**DIRECTIONS:** After locating the line that contains "Lt Wash Crop Flare Jeans" in the records below, write out exactly that line and each line after it through the one that contains "Sac banane XL, sac", and nothing else.

Recorded data
****************************************

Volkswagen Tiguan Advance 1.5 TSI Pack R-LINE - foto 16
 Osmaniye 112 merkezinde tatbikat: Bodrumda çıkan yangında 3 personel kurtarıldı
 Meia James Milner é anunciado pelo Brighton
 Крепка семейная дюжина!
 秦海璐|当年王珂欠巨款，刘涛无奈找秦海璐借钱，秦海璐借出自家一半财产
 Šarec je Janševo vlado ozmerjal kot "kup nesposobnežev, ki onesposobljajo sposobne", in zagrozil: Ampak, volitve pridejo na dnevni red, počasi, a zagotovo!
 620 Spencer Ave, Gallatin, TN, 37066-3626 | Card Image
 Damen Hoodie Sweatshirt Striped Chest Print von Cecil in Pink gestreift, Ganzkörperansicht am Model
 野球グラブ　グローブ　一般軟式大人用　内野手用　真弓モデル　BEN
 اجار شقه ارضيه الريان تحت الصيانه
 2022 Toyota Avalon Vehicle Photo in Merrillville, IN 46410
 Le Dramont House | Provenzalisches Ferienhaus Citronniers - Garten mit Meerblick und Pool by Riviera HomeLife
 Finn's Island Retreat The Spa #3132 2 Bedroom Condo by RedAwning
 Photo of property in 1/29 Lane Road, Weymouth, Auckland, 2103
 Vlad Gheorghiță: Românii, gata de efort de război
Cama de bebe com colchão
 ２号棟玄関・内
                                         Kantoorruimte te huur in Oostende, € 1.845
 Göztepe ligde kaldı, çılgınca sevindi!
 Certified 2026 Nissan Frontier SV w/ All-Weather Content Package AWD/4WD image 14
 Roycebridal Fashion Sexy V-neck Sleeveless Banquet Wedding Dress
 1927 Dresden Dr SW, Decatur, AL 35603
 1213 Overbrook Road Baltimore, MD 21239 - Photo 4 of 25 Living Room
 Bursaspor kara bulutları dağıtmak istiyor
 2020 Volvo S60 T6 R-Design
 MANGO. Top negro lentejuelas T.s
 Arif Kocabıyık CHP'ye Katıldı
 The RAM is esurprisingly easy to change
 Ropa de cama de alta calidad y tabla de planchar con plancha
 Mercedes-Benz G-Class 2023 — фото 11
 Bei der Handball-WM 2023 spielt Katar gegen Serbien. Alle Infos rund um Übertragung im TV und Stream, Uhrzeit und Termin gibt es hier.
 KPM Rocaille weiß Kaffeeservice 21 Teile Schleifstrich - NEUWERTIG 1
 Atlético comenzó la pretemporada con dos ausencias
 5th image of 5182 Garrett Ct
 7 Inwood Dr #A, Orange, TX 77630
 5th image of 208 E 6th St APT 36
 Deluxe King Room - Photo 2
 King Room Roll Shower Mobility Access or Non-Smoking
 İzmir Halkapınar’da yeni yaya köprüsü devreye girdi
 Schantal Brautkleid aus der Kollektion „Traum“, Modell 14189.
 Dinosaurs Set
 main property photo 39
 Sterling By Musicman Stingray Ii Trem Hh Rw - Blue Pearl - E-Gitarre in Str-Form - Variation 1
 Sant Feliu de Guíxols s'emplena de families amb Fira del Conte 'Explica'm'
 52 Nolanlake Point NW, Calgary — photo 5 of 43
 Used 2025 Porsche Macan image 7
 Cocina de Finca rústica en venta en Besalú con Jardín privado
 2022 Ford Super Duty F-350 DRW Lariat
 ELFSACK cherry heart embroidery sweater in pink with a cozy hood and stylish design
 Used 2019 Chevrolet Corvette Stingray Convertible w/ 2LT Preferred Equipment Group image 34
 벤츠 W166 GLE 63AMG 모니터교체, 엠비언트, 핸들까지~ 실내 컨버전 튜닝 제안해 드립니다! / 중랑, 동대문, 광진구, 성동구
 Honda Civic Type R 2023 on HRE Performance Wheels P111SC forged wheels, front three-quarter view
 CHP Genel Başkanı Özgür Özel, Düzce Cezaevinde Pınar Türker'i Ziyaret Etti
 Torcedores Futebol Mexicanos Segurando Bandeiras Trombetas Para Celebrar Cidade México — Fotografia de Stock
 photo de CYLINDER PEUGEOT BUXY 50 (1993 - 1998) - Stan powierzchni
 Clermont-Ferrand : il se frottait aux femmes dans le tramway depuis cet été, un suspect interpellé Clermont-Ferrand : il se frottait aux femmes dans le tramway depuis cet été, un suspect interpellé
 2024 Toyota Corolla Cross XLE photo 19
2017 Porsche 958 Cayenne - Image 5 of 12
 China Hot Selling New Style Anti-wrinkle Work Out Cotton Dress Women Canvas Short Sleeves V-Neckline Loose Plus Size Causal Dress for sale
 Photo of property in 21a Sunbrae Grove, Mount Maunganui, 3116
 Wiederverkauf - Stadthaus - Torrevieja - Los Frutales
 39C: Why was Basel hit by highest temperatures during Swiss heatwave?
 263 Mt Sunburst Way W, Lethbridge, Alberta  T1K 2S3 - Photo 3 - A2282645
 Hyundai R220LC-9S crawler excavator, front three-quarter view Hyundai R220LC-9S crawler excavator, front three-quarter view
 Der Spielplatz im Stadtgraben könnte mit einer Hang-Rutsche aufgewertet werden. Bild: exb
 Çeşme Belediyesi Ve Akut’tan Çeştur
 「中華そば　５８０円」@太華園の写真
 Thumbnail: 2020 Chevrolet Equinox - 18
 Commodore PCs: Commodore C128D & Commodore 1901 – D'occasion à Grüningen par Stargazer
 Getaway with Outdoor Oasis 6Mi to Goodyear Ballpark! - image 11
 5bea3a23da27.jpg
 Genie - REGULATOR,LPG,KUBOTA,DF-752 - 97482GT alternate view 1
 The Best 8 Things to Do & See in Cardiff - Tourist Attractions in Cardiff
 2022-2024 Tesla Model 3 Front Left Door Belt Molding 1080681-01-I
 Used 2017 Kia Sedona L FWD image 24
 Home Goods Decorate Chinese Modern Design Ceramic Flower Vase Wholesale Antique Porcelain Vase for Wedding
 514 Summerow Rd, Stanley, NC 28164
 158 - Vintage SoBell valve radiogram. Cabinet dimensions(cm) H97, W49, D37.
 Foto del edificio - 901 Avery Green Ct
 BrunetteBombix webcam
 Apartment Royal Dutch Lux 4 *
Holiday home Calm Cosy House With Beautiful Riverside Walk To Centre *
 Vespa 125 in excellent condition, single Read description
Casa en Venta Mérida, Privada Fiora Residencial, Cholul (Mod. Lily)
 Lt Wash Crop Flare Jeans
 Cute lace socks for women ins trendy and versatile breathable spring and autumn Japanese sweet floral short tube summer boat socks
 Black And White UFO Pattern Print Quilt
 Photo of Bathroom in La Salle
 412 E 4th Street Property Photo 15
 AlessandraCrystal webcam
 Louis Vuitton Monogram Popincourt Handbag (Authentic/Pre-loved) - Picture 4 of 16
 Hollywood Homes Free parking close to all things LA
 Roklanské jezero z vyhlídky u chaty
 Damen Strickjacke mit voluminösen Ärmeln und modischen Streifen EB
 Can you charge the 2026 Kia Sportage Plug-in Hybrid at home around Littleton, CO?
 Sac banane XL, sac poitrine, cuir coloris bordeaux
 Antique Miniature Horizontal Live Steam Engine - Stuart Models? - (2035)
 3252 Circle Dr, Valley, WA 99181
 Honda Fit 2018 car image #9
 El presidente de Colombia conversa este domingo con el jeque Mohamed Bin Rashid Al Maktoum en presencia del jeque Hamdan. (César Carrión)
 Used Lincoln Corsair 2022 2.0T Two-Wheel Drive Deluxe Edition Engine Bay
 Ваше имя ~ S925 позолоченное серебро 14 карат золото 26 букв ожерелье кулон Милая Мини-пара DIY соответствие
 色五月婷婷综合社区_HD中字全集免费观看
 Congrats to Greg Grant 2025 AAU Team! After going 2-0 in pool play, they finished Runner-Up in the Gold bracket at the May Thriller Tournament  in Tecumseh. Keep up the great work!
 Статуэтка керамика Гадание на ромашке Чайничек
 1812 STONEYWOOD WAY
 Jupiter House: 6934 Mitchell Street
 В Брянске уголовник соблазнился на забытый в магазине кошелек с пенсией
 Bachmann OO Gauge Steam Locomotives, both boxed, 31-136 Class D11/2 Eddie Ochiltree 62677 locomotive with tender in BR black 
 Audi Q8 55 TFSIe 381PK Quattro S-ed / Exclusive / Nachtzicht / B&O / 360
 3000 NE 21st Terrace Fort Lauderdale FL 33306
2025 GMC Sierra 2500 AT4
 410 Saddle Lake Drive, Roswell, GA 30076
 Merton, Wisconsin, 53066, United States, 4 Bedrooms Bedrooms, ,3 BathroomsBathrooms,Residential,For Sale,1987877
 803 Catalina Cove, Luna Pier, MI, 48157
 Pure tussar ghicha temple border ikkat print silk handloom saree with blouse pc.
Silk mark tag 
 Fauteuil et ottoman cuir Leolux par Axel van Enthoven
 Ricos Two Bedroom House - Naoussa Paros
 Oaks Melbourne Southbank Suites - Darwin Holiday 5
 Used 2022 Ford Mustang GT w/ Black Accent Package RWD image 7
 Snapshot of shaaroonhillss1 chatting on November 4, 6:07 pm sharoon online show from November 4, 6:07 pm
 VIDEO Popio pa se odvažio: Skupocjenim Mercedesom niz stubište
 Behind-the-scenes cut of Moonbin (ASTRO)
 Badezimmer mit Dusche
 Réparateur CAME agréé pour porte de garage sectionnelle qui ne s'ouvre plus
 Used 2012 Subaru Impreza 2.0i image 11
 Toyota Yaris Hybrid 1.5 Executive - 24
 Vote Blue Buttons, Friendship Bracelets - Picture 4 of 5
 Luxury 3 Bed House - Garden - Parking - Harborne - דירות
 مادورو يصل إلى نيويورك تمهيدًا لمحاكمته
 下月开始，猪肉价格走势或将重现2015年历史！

****************************************

**EXERCISE OUTPUT:**
 Lt Wash Crop Flare Jeans
 Cute lace socks for women ins trendy and versatile breathable spring and autumn Japanese sweet floral short tube summer boat socks
 Black And White UFO Pattern Print Quilt
 Photo of Bathroom in La Salle
 412 E 4th Street Property Photo 15
 AlessandraCrystal webcam
 Louis Vuitton Monogram Popincourt Handbag (Authentic/Pre-loved) - Picture 4 of 16
 Hollywood Homes Free parking close to all things LA
 Roklanské jezero z vyhlídky u chaty
 Damen Strickjacke mit voluminösen Ärmeln und modischen Streifen EB
 Can you charge the 2026 Kia Sportage Plug-in Hybrid at home around Littleton, CO?
 Sac banane XL, sac poitrine, cuir coloris bordeaux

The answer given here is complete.